For one thing, it's a joyous nihilism (or innocent and childlike) because it has only to do with this (or that, rather) world, not the next; moreover, the latter is already here, bisecting this one, i.e., The Kingdom of Heaven is at hand. Living at the intersection of heaven and earth is where it's at. If not, to hell with it.
Elsewhere in the same book Schuon alludes to the rottenness of this world, for which there are compensatory graces unique to the challenges posed by the civilizational decay surrounding us; come to think of it, this is like an inverse analogy of the communist idea of "the worse, the better" (better because it means the glorious revolution is that much closer).
Schuon agrees that "there are advantages to this [cultural] evil itself," but (obviously) for totally different reasons from those purely destructive Marxist devils such as Piven & Cloward; specifically,
the world has become so emptied of substance that it is hard for a spiritual man to be too attached to it.... In former times worldliness was all the more seductive for having aspects of intelligence, nobility, and plenitude; it was far from being wholly contemptible as it is in our day.
Our elites and their institutions are indeed wholly contemptible. What spiritually awakened person could ever wish to take part in this malevolent farce except in opposition to it?
But this opposition is the precise opposite of "reactionary," because it is rooted in the loving affirmation -- intellectual, spiritual, and experiential -- of a higher reality (or just say reality).
Note also that "lower reality" makes no sense except in the context of the higher; to the extent that it becomes an autonomous dimension detached from its vertical source, this devolves to the vulgar nihilism of the tenured, i.e., accidental intelligence combined with axiomatic stupidity.

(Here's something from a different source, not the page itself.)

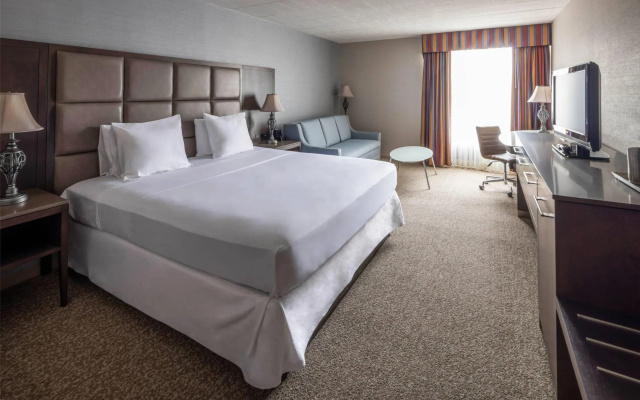 Radisson Hotel Hauppauge-Long Island - Image 6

If we were merely opposed to this principled stupidity of the left, it would be a form of counterfeit slack, still rooted in an attachment to the world and its seductive appearances. But our attachment is again to truth, AKA the real. Compared to this reality, the world is literally but a dream, or even "a dream woven of dreams." What else could it be if the intellect weren't an adequation (in potential) to the real?
We cannot doubt that truth is infinitely real and precious and that its absence must therefore imply a sort of inverted infinity.
Exactly. Absent our adherence to Truth -- at once saving and liberating -- the material world becomes a vast and necessarily meaningless psychiatric prison. Which it is, but the doors are locked from the inside.
Modern man, even when he stumbles upon a truth, never follows it all the way back and up; and any truth detached from the Absolute becomes no truth at all; one might say it takes revenge on the intelligence that pretends it can exist apart from Intelligence as such, i.e., Celestial Central.
(Quoted material from Spiritual Perspectives and Human Facts https://www.amazon.com/dp/193331642X/ref=as_sl_pc_tf_til?tag=onecos-20&linkCode=w00&linkId=f86b12483b9ef2311a292cf307aed833&creativeASIN=193331642X)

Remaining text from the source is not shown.